TASK DESCRIPTION: Your job is to copy every line in the material containing the word "Shirt".
--- DATA PROVIDED Enclosed Below ---
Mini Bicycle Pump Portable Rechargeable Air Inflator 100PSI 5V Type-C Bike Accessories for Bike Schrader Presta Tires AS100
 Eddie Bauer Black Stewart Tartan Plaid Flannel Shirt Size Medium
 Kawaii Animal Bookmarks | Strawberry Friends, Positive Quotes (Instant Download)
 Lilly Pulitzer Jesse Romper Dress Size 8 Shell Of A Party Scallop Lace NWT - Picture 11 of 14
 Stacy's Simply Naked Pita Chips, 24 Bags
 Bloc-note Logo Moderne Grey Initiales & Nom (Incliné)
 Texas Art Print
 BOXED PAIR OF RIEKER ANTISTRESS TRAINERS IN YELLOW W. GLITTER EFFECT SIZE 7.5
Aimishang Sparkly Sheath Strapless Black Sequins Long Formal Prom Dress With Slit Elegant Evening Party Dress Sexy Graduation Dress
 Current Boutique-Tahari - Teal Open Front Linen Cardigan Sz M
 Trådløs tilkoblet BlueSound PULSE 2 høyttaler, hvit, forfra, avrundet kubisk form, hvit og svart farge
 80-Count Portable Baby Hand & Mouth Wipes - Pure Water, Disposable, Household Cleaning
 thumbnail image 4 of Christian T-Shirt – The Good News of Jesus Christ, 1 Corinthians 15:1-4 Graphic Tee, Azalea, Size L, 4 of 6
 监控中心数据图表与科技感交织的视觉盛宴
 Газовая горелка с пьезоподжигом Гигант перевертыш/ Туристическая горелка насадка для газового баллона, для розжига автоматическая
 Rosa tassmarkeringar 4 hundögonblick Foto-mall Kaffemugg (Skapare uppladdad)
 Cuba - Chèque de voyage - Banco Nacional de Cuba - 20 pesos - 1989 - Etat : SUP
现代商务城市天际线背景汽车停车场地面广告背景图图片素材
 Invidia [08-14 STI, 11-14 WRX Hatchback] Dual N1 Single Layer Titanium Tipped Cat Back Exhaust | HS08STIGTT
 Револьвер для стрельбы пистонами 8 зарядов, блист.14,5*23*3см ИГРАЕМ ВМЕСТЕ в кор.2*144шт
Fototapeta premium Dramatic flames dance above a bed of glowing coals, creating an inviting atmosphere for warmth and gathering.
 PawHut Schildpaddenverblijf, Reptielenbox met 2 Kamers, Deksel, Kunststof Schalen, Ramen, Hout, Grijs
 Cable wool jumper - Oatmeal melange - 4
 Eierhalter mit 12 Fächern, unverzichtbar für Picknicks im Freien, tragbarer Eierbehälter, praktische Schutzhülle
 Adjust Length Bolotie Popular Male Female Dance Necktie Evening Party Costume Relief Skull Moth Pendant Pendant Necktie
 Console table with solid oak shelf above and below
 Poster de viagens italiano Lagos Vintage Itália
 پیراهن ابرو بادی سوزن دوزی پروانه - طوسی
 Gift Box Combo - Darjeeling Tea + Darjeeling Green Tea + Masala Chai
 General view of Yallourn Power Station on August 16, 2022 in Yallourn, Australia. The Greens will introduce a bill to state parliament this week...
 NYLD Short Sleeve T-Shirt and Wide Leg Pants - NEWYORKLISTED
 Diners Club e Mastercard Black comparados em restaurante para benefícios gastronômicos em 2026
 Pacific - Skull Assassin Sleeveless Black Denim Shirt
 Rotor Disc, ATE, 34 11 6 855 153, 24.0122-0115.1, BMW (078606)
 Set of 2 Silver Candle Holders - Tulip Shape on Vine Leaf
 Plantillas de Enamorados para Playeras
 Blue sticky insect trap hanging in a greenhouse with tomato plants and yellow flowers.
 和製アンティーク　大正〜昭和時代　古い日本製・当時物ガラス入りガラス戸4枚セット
--- End of Enclosed DATA PROVIDED ---
TASK SOLUTION:
 Eddie Bauer Black Stewart Tartan Plaid Flannel Shirt Size Medium
 thumbnail image 4 of Christian T-Shirt – The Good News of Jesus Christ, 1 Corinthians 15:1-4 Graphic Tee, Azalea, Size L, 4 of 6
 NYLD Short Sleeve T-Shirt and Wide Leg Pants - NEWYORKLISTED
 Pacific - Skull Assassin Sleeveless Black Denim Shirt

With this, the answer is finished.